Concerts and sporting events are bad enough when everybody leaves at once. Salmon returning from the ocean to spawn way up river may have it pretty bad. But NOTHING is like that mile or so march I made upstream because I had already accomplished that which hundreds of thousands of others were still attempting to do. Yea, I had been to the mountaintop and now I had to get out. It got so bad I could bare keep connected to my clan. I told my girlfriend to hold onto the back of my jeans, I put my daughter on my shoulders, and keep shouting. “make a hole, sick kid”, and forced my way upstream through this never ending wall of people. My kid was keeping me headed toward the toll booths, my girlfriend keeps getting unhooked and I had to wait for her, but after seriously a couple of hours, we made it off and into an uncrowded area.
I started drinking early that day.
We spent the day in the City enjoying the festivities up and down the Bay waterfront. Come evening time, we found ourselves a great spot on a grassy knoll up against the sea wall facing the Bridge and awaiting what was marketed to be a spectacular fireworks show. With thousands of other people, but plenty of space, we sat and ate and drank and waited.

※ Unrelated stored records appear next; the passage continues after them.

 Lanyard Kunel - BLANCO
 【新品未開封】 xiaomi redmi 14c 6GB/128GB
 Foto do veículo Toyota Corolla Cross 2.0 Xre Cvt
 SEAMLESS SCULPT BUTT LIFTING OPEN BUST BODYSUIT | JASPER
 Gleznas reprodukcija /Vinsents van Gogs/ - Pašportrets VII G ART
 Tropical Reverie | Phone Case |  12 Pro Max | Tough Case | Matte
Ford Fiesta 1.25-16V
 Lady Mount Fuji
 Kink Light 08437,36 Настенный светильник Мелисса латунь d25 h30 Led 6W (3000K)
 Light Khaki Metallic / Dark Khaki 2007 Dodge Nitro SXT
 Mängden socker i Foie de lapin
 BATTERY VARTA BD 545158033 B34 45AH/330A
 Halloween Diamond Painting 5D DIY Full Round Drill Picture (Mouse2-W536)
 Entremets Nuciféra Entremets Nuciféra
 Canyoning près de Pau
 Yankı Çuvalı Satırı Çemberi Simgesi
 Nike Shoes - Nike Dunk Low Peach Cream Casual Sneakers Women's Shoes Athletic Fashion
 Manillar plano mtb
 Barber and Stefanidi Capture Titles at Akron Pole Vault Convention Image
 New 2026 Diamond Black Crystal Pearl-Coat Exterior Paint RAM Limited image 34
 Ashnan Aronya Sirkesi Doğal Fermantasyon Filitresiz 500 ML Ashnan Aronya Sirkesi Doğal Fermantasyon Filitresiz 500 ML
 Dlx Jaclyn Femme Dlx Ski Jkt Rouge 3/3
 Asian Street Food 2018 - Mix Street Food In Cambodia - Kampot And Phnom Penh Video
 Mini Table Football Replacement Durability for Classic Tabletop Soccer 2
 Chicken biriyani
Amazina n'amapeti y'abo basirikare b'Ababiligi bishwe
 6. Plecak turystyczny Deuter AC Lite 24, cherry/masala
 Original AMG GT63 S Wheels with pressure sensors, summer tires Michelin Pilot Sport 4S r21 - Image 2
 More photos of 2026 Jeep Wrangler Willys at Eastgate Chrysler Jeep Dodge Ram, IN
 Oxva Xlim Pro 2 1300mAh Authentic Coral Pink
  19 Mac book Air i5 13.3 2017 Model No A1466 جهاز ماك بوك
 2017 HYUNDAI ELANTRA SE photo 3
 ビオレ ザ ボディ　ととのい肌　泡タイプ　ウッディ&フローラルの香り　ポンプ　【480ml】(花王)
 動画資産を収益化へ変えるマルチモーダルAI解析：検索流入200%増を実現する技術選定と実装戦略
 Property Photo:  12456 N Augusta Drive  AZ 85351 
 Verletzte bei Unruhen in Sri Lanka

The Bay being what it is, was choppy and it was breezy. Tugboats were towing large barges laden with explosives and fireworks out toward the center of the Bay near the Bridge. There were three of them – three barges. Planners only had one tugboat at work. None of the barges would stay put and it became comical to all us onlookers to see the tugboat placing a barge, going to get a second, placing it, chasing down the first and bringing it back while the second one floats away and so on and so forth. Finally the Navy arrived to help and the three barges were placed.
To describe a fireworks show really cant be done. They had everything and lots of it. It was amazing. It was great. The Bridge came alive with color and flame; albeit to my chagrin, in subdued colors. It seemed understated. What was going on overhead from the water was big bad and beautiful. But the Bridge just drooled soft oranges and mellow reds.
I don’t remember much else. Some things you just never forget.